With Valentine's Day in February, the talk will surely be on the topic of love. This all began, somehow, with a martyred person who was named Valentine and later sainted. (Originally, it was Saint Valentine’s Day.) But the topic of love has always been a central part of the biblical faith; if you read the Bible, then you’re familiar with the topic of love.
The Bible has a lot to say about love. For example, if you were to peruse the Bible and look at the major themes that fall under the category of love, you’d learn a number of things. God set His love on the Hebrews (Deuteronomy 7:7). Men and women love each other romantically and sexually (Song of Solomon 6:3; 7:10). In John’s Gospel, it says that God loves the world (John 3:16). As Christians, we love because God loved us first (1 John 4:19). But in the event that you haven’t discovered it from these few verses, it should be noted that love isn’t always simple, as we understand simplicity. Love is a complex truth.
With this, though, arguably one of the most popular sections in the Bible that teaches us about love is found in Matthew 22. It goes like this: “You shall love the Lord your God with all you heart and with all your soul and with all your mind. . . You shall love your neighbor as yourself” (Matthew 22:37, 39). After teaching this, Jesus then says, “On these two commandments depend all the Law and the Prophets”; that is, everything in the Bible hangs on these two commands—love God, love others.
So, when it comes to love, the Bible has very little to say about one’s feelings. On the contrary, the Bible commands love because anything that is right and true and good should be commanded. And loving God is right and true and good. Therefore, it is commanded. And loving others is right and true and good. Therefore, it is commanded.

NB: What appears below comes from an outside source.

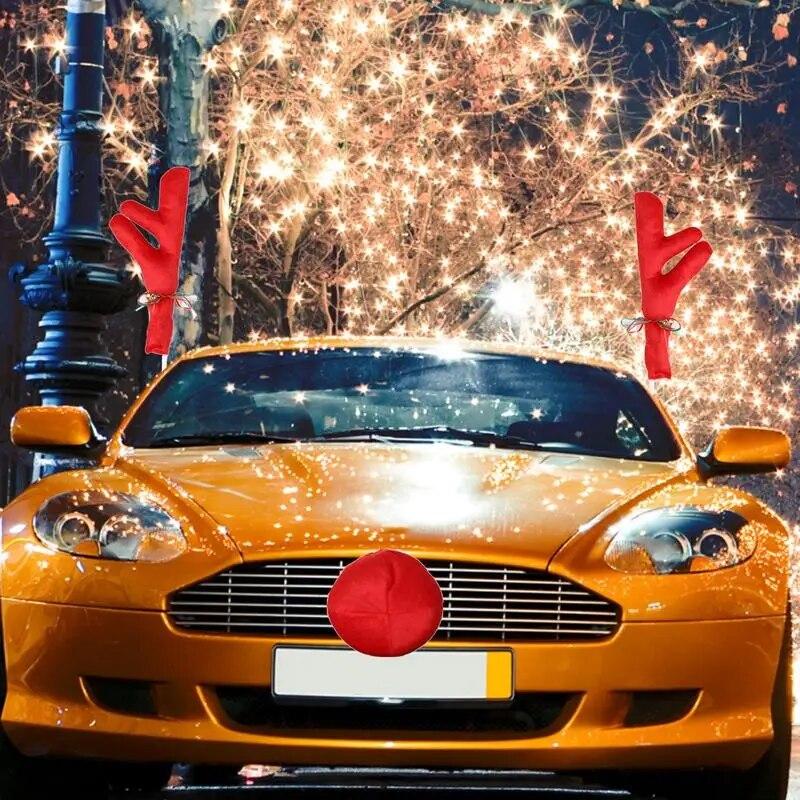 Reindeer Decoration Car Vehicle Nose Horn Costume Decor Set Rudolph Christmas Reindeer Antlers Red Nose Ornaments Elk Antler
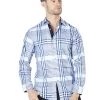 Camisa Casual Manga Larga Estampada Azul/Blanco Para Hombre 'El Señor De Los Cielos' - ID: 44016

Yet, since we’re loving what is right and true and good, we must have the convictions to love what God loves. For example, Christians aren’t supposed to love the world (1 John 2:15). Of course, that doesn’t mean that Christians shouldn’t love people, care for the needy, or demonstrate God’s compassion to others. But it does mean that the world, as an anti-God system and philosophy, shouldn’t be loved by Christians. Love isn’t ignorant. Love isn’t naive. Love isn’t dark. On the contrary, “Love is patient and kind, love does not any or boast; it is not arrogant or rude. It doesn’t not insist on its own way; it is not irritable or resentful; it does not rejoice at wrongdoing, but
rejoices with the truth”
(1 Corinthians 13:4-6).
With Valentine’s Day almost here there will obviously be more talk about the topic of love. Now, you can consider it from a biblical perspective. Love God. Love others.